Al contrario de los que mucha gente cree, en las ambulancias (sobre todo las de Soporte Vital Avanzado) no se transporta sangre. Esto es debido a que la sangre es un tejido extremadamente delicado y su transporte (el estrés que causa éste) pueden dañar los glóbulos rojos y alterar la composición química del producto. Esto ha constituido un axioma que ha perdurado durante mucho tiempo en la medicina de emergencias aunque, un reciente estudio publicado en el Journal of Trauma and Acute Care Surgery echa a abajo este mito, abriendo la puerta al transporte de sangre tanto en ambientes civiles como militares.

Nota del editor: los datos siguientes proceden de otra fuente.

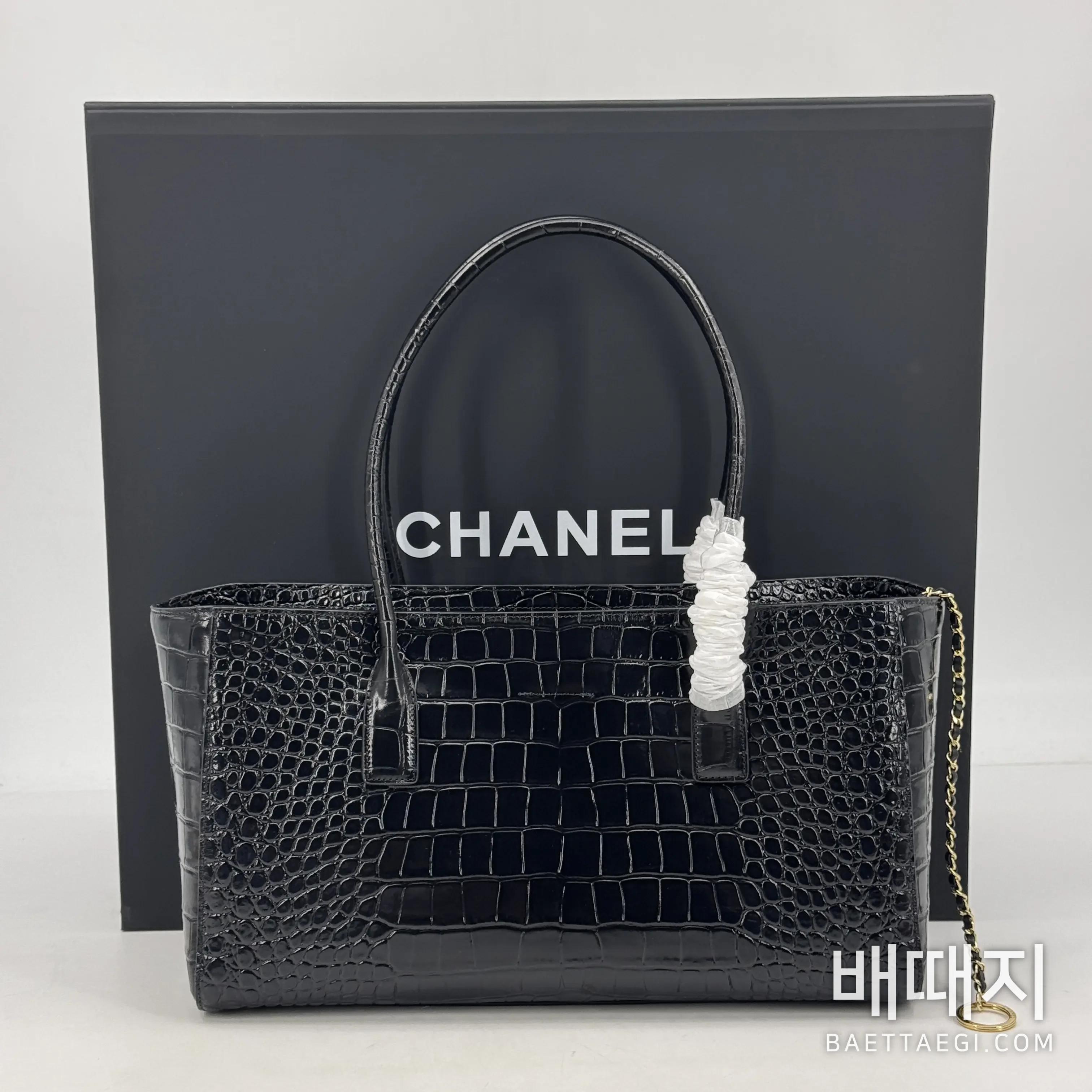 샤넬 악어무늬 크루아송 쇼핑백 가방 검수사진 3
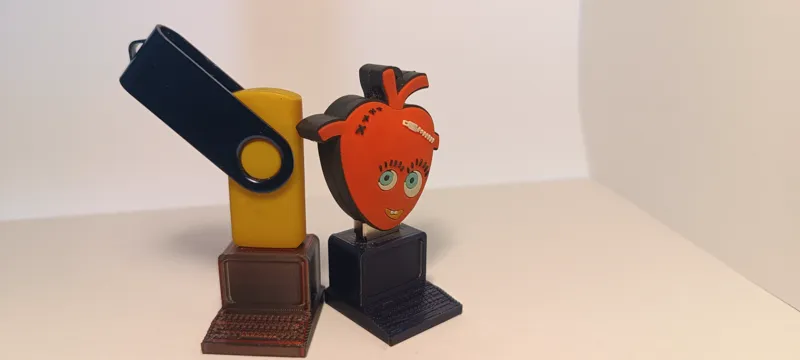 PC-PENDRIVE HOLDER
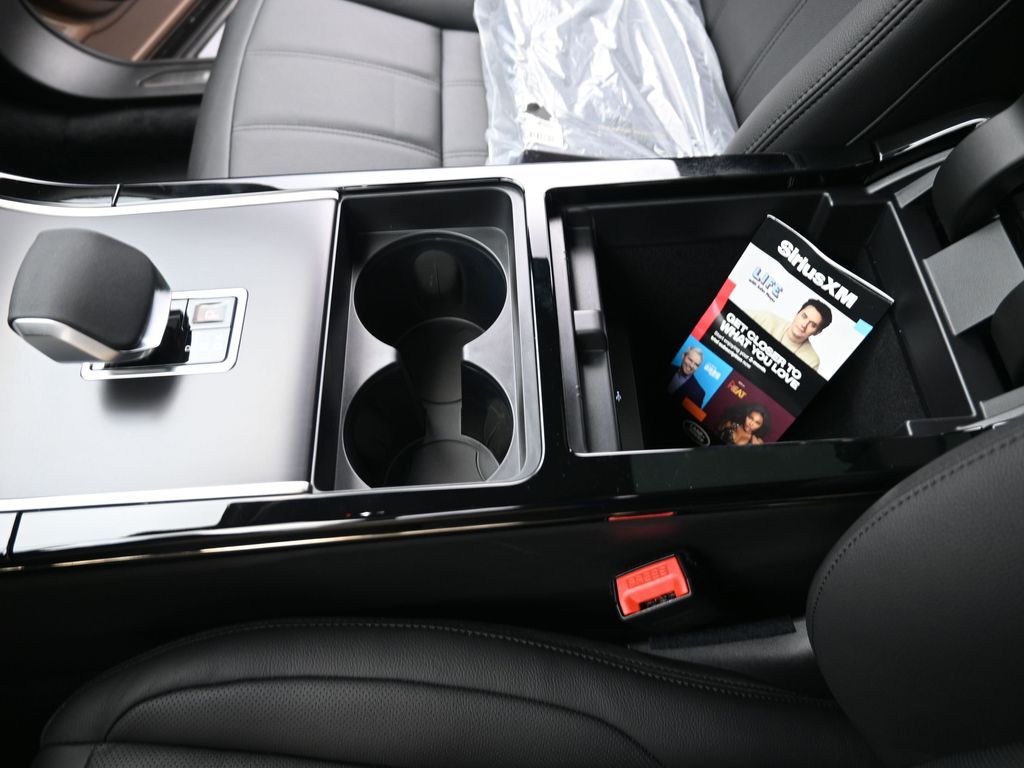 2026 Land Rover Range Rover Evoque Dynamic SE - Photo 25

El estudio simuló el transporte de 20 unidades (de unos 450 c.c. cada una) de sangre humana, de 7 días de antigüedad, a la que se sometió a diversas pruebas que simulaban un estrés similar al que se someterían en caso de ser transportadas por unidades de operaciones especiales desplegadas en combate. Las pruebas consistieron en el lanzamiento en paracaídas desde 30.000 pies de altura (unos 10.000 metros) y repetidas marchas de 12 horas de duración a 48º de temperatura y 9% de humedad. Por supuesto, estas bolsas de sangre fueron transportadas en contenedores fríos espaciales.

El resultado fue revelador, después de las pruebas no hubo un daño importante a los glóbulos rojos y no tuvieron lugar alteraciones bioquímicas de relevancia, por lo que al final del estudio la sangre no había sufrido cambios significativos y se consideró que era segura y útil para ser transfundida a un herido de gravedad.